Leaving the pictures aside, repeat each line below exactly.

- _Supplied material_
BEGIN
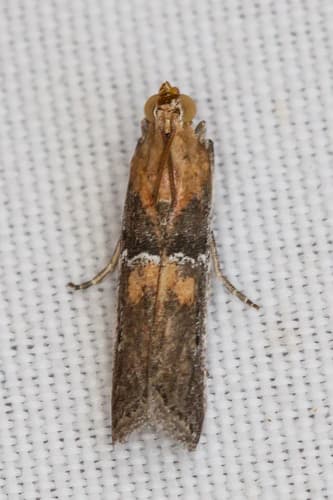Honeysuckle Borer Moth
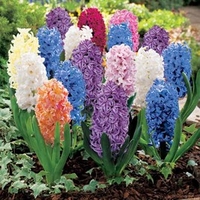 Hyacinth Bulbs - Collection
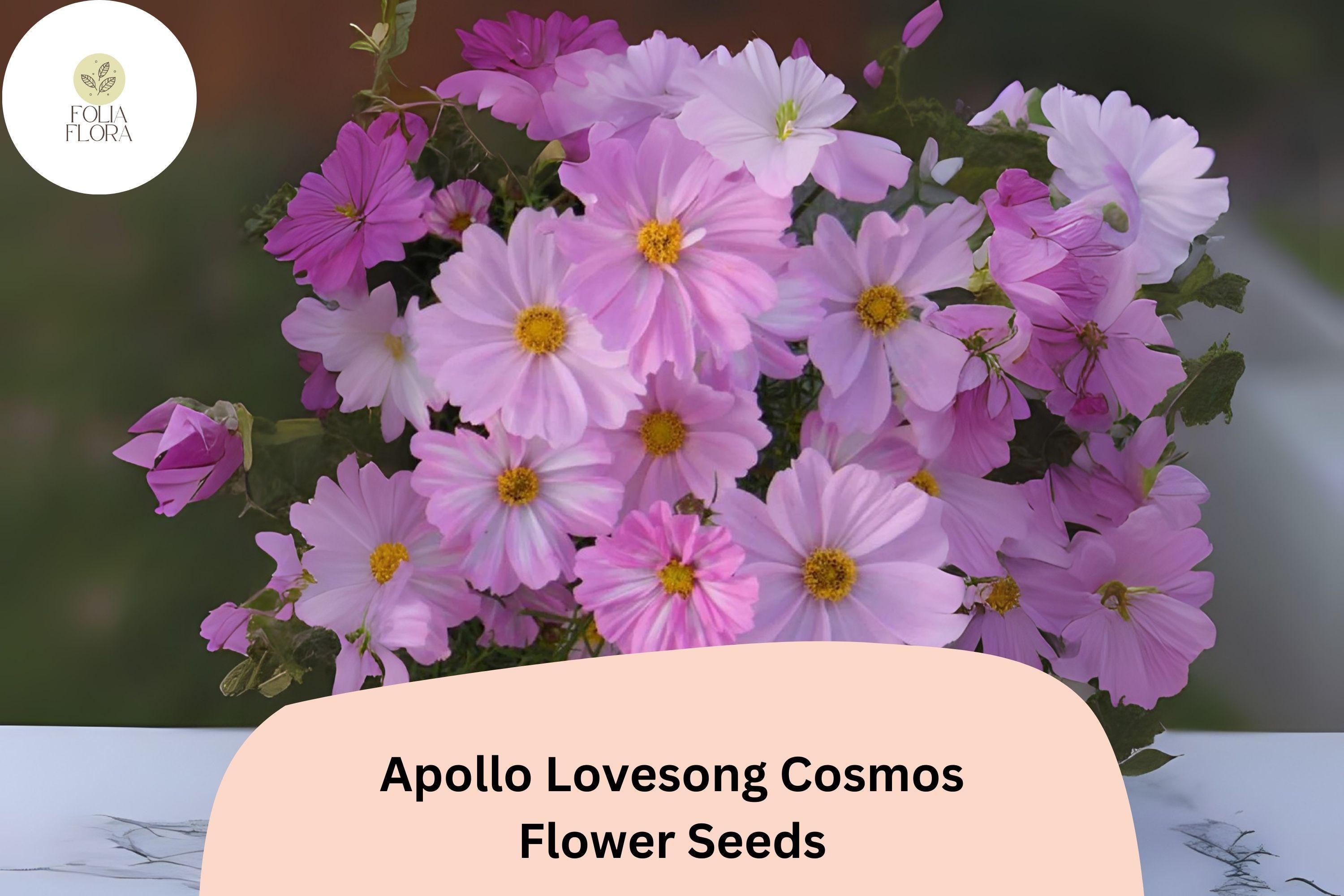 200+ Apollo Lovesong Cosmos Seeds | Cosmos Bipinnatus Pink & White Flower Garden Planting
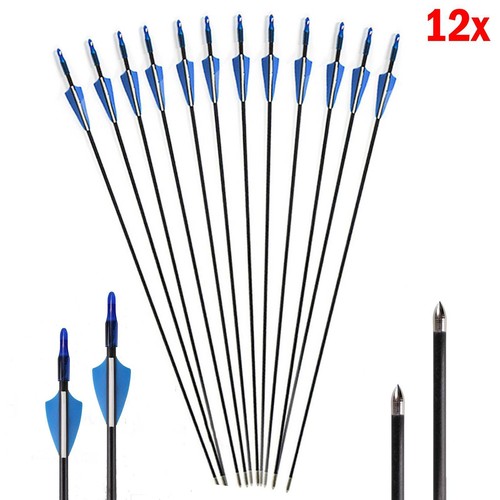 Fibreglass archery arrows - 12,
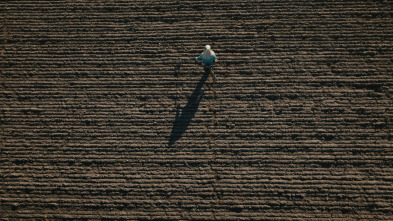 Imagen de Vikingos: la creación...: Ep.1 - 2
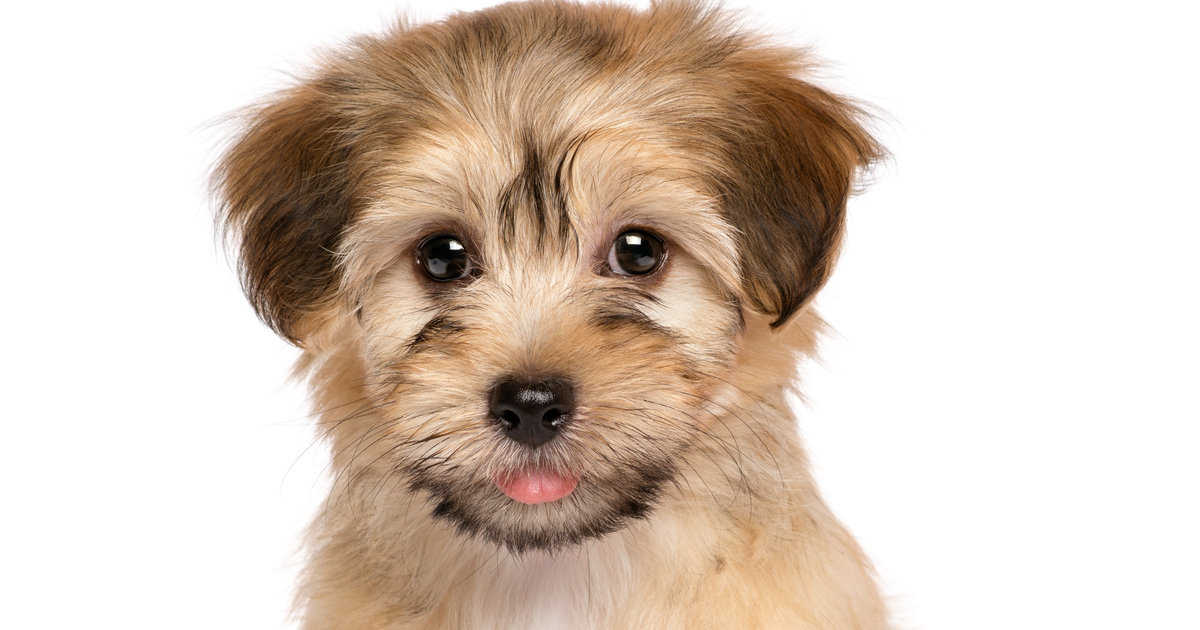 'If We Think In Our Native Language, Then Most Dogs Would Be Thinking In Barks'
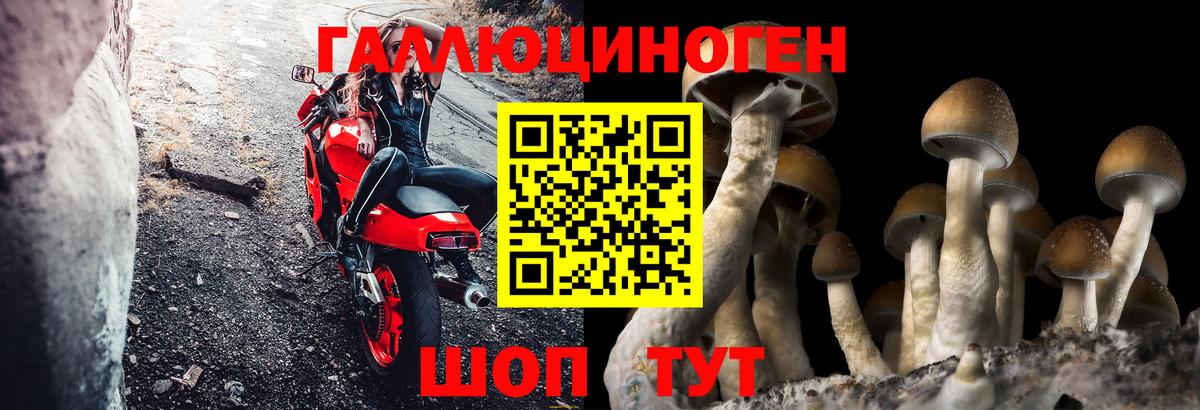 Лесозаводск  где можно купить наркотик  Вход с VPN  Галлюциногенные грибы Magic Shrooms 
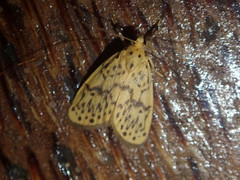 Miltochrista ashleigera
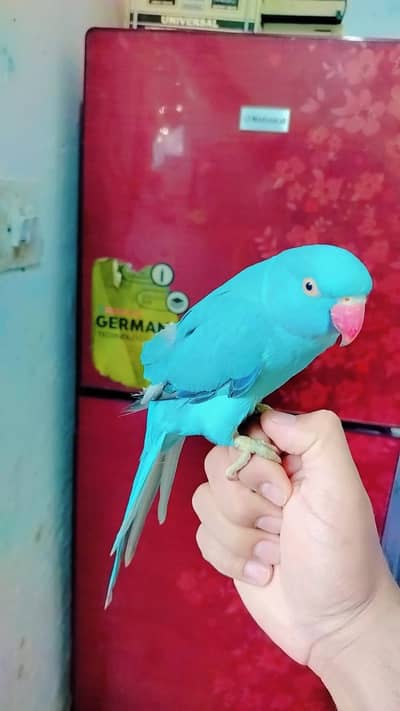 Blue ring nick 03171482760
END
- _Solved problem_
Honeysuckle Borer Moth
 Hyacinth Bulbs - Collection
 200+ Apollo Lovesong Cosmos Seeds | Cosmos Bipinnatus Pink & White Flower Garden Planting
 Fibreglass archery arrows - 12,
 Imagen de Vikingos: la creación...: Ep.1 - 2
 'If We Think In Our Native Language, Then Most Dogs Would Be Thinking In Barks'
 Лесозаводск  где можно купить наркотик  Вход с VPN  Галлюциногенные грибы Magic Shrooms 
 Miltochrista ashleigera
 Blue ring nick 03171482760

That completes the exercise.